Bilirkişiler Doç. Dr. …. ile ….’ın 27/11/2017 tarihli bilirkişi ek raporunda; Davalı müdür sıfatını haiz … ‘in özen borcuna aykırı davranışı nedeniyle davacının ¨ 90.250,00 alacağını dava dışı şirketten tahsil edememesi suretiyle uğradığı doğrudan zararından sorumlu olduğunu, ancak taleple bağlılık ilkesi gereği davacının ,dava dilekçesinde mevcut ¨10.000,00 tutarındaki talebi ile bağlı bulunduğunu, davalı … ‘ın dava dışı şirkette müdür sıfatı olmamasından dolayı pasif husumet ehliyetinin mahkemeye ait olduğunu bildirdikleri görülmüştür.
Davacı vekili Mahkememize sunduğu ıslah dilekçesi ile netice-i talebini artırmıştır.
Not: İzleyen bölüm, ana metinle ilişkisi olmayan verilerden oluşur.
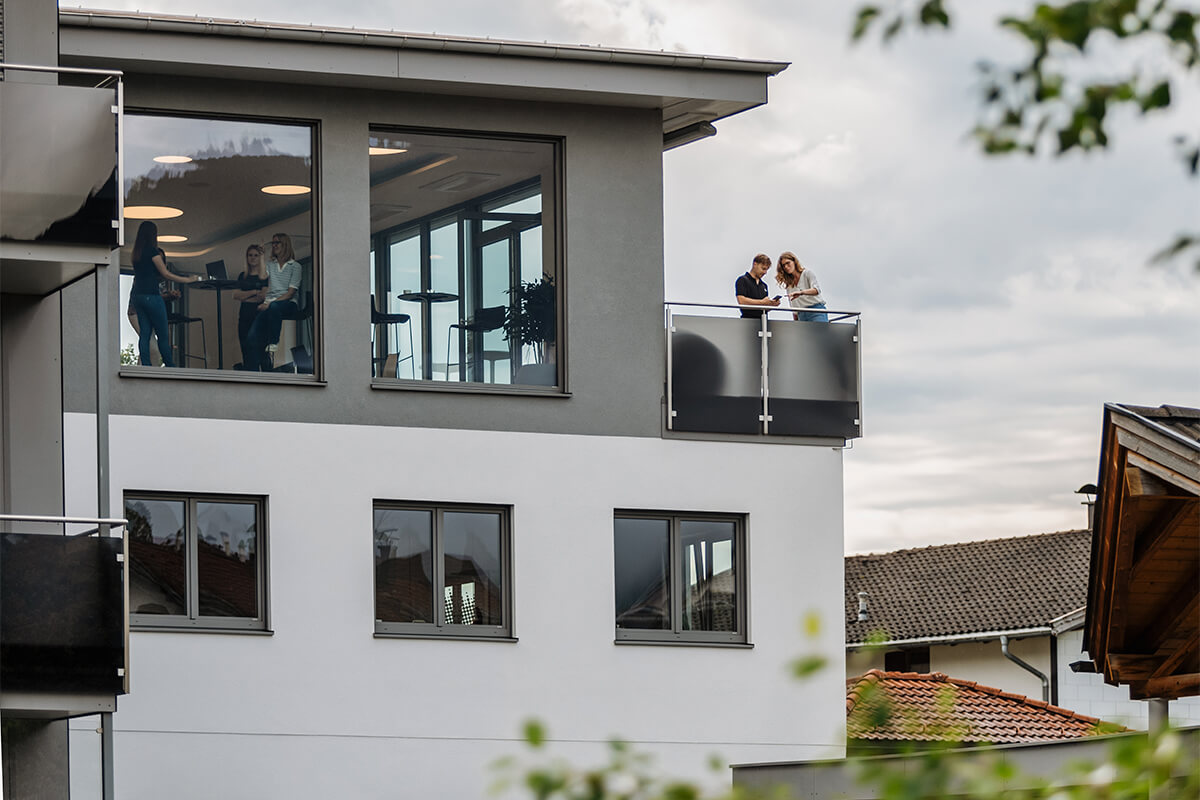 Mitarbeiter stehen auf dem Balkon des Firmengebäudes und unterhalten sich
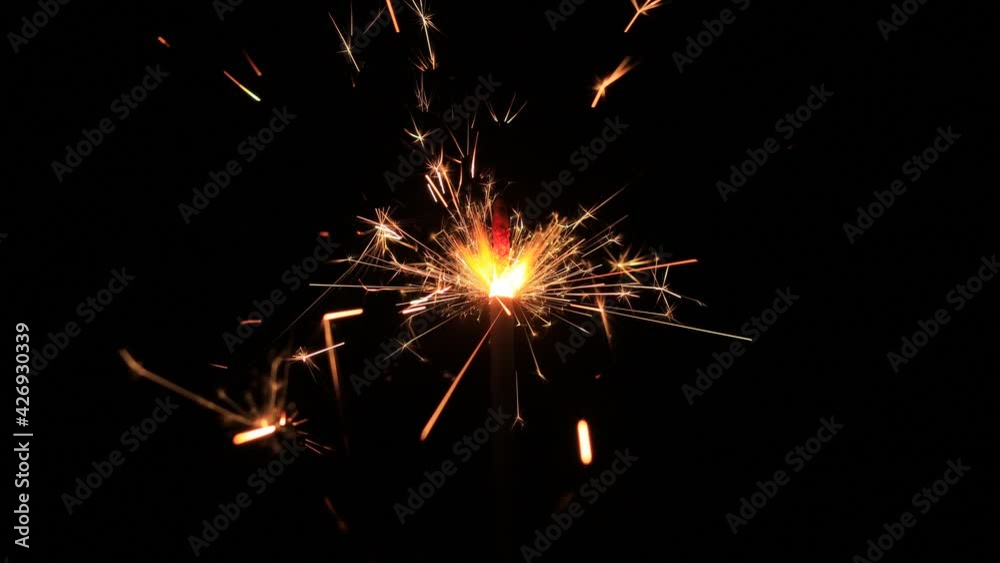 Christmas sparklers,Bengal lights on black background. Firework sparkler burning on dark background.Christmas or new year party glowing glowing burning sparkler Christmas sparklers,Bengal lights on black background. Firework sparkler burning on dark background.Christmas or new year party glowing glowing burning sparkler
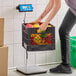 A digital receiving scale with a remote display being used to weigh a crate of assorted produce.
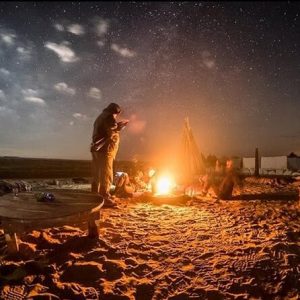 A desert camp set up for a Bedouin dinner, with people and traditional lighting in Hurghada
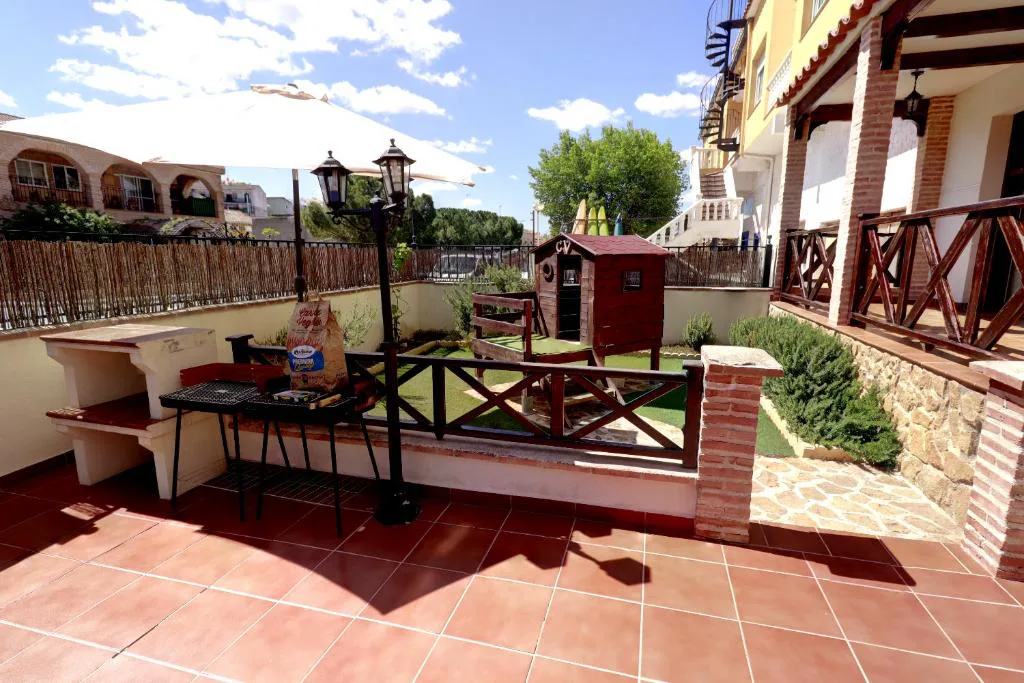 Terraza con sofás y suelo de baldosa roja
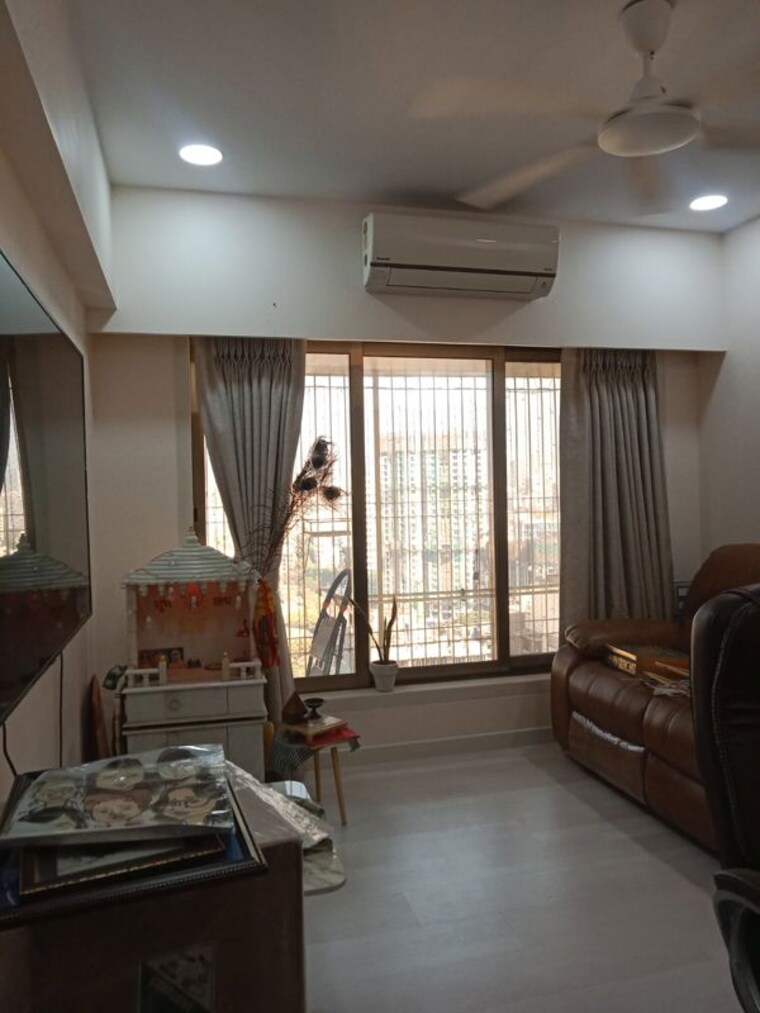 Living Room, romell-diva 3 Bedroom 970 Sq.Ft. Apartment In Malad West Mumbai 10050276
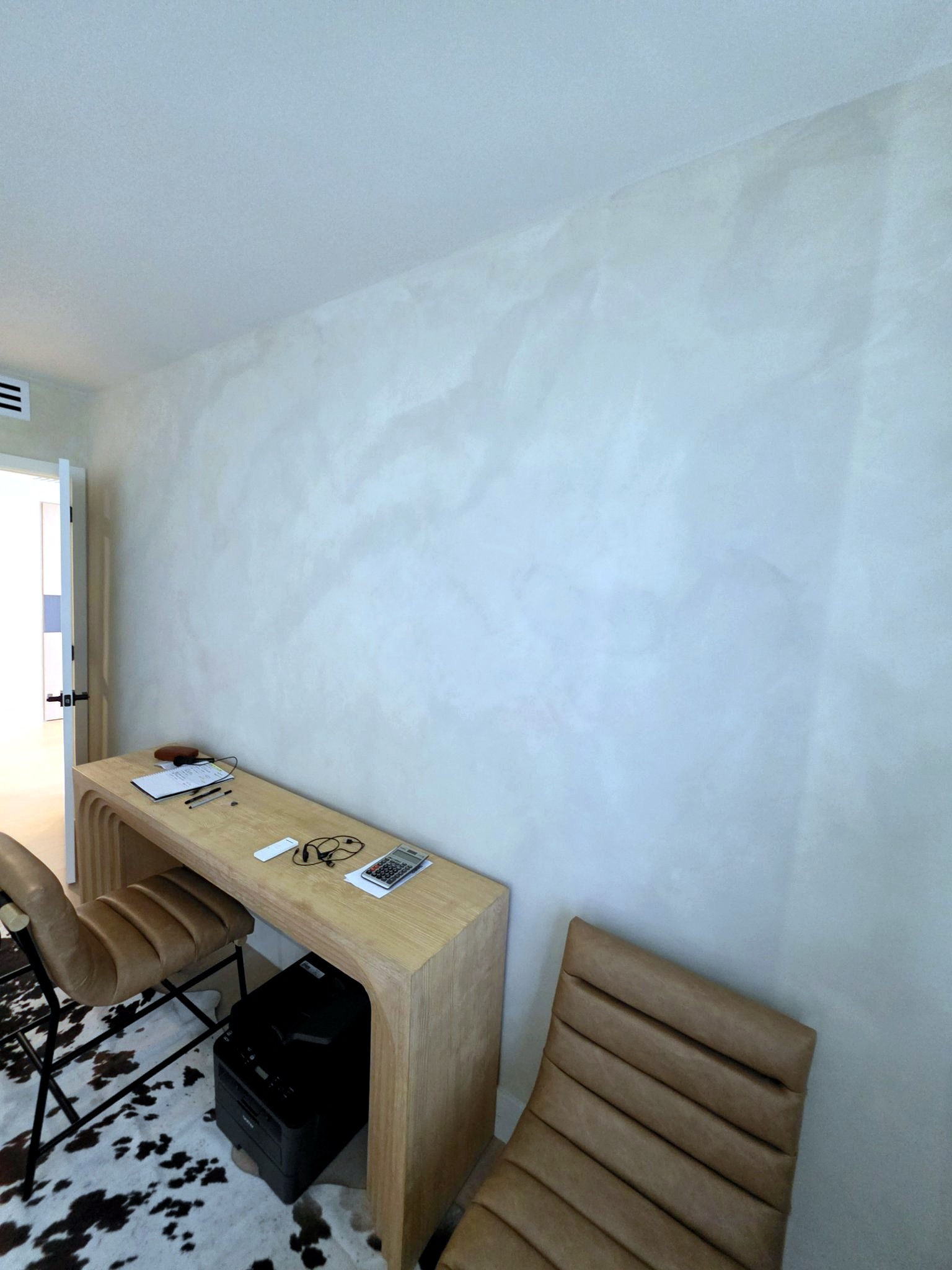 Desk corner with the tonal movement of hand-applied limewash in close view in a Bal Harbour residence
Davalı … vekili süresinde verdiği ıslaha cevap dilekçesinde zamanaşımı def’inde bulunmuştur.Yönetici sorumluluğundan kaynaklanan davalarda zaman aşımını düzenleyen TTK ‘nun 560 maddesinde sorumluluğu gerektiren fiil cezayı gerektirip Türk Ceza kanuna göre daha uzun dava zaman aşımına tabi bulunuyorsa tazminat davasında da bu zaman aşımı uygulanır hükmünü içermekte olup sorumluluğu gerektirdiği iddia edilen fiil için Türk Ceza Kanunun 158 ve 66. Maddeleri uyarınca zaman aşımı süresinin 15 yıl olduğu , zaman aşımı süresinin ıslah tarihi itibariyle dolmadığı anlaşıldığıdan davalı … vekilinin zamanaşımı itirazının reddine karar verilmiştir.
Somut olaya uygulanması gereken mülga 6762 sayılı TTK’nın 556/1.maddesi yollamasıyla TTK’nın 309.maddesinde düzenlenen şirket yöneticilerinin sorumluluğuna ilişkin hükümleri uyarınca yasa ve ana sözleşmenin kendilerine yüklediği görevleri gereği gibi yerine getirmeyen limited şirket yöneticileri, bu yüzden oluşan zararlar nedeniyle ortaklığa, ortaklara ve ortaklık alacaklılarına karşı sorumludur.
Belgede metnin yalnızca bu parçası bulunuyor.